When is the last time you have given real thought to the real purpose behind our advocacy for our plaintiff clients? I don’t remember what the case was about or what the outcome, but I remember how I felt after my first trial. I thought: “Wow. I’d pay someone to let me do this and to think they pay me!” I was so proud anyone would trust me with their problems and wanted to do my best job for them. My focus was on my clients and the discovery of how thrilling the trial process was for me was a surprise.

The problems of tracking time, billing and collecting from clients was a burden for me. When I first experienced the contingent fee arrangement I was struck by how fair it was to both client and lawyer. Then  arrangement made sense to me  as I had spent my summers during high school and college salmon fishing in Alaska and Puget Sound in Washington. The boat and crew would sail for Alaska in May and return mid summer to fish the Sound until Fall. The crew was paid a percentage of the profit from the salmon caught and sold to the cannery. The harder you worked and the more successful the boat, the more you made. If you didn’t do well you didn’t paid and could even owe money to pay for the expenses of the boat not paid for by the catch. The captain you selected to work for and the skill of knowing how to fish plus hard work determined the outcome.

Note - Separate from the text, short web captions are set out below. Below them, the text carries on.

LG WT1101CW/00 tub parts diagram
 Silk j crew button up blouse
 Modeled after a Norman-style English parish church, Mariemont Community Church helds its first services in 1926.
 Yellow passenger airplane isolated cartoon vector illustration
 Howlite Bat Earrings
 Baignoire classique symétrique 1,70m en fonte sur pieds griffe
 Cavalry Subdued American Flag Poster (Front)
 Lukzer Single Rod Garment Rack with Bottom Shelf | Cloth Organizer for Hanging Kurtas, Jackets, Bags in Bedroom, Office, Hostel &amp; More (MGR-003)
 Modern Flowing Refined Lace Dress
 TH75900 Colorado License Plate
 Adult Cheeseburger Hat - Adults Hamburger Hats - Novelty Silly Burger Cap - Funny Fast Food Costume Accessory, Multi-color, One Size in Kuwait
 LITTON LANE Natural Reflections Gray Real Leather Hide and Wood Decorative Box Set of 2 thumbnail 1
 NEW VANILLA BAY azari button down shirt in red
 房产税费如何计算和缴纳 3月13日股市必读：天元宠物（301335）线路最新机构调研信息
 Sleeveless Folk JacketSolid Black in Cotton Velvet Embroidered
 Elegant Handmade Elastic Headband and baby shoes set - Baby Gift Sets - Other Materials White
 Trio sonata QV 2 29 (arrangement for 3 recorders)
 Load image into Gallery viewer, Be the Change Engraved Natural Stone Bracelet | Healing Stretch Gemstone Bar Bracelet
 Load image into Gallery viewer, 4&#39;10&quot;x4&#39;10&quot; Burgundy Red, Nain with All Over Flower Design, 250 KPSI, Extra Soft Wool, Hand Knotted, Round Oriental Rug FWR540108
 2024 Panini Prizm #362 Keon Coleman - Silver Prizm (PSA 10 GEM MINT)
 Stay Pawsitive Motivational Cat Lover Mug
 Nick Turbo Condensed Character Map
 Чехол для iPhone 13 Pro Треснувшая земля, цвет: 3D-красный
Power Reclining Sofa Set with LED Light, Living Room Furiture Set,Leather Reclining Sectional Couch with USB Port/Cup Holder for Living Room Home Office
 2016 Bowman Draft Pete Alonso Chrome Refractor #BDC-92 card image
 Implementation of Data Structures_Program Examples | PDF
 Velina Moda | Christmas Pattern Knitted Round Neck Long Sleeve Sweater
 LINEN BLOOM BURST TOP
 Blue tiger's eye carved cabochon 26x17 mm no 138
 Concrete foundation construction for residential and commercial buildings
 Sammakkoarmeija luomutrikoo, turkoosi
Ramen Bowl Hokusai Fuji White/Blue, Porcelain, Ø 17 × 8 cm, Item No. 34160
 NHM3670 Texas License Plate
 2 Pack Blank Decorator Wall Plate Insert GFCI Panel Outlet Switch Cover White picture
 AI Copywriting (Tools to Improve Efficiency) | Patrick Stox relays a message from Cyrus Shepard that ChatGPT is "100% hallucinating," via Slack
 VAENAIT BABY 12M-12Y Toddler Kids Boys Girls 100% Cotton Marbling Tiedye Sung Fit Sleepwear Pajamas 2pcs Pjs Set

There’s an obvious similarity to the contingent fee arrangement.

Representing injured people  was an obvious choice for me half a century ago when I began the practice because the big firms represented banks, corporations and insurance companies. Unless you wanted that practice, the obvious alternative was plaintiff’s work, regarded by the silk stocking firms as a tad above ambulance chasing. Plus big firms didn’t hire lawyers like me who went to night law school at Gonzaga in Spokane.

Criminal defense work was also open as the big firms did a small amount of white collar work, but not the ordinary defense for the common person. Those lawyers were seen in same light as the personal injury lawyer by the big firms.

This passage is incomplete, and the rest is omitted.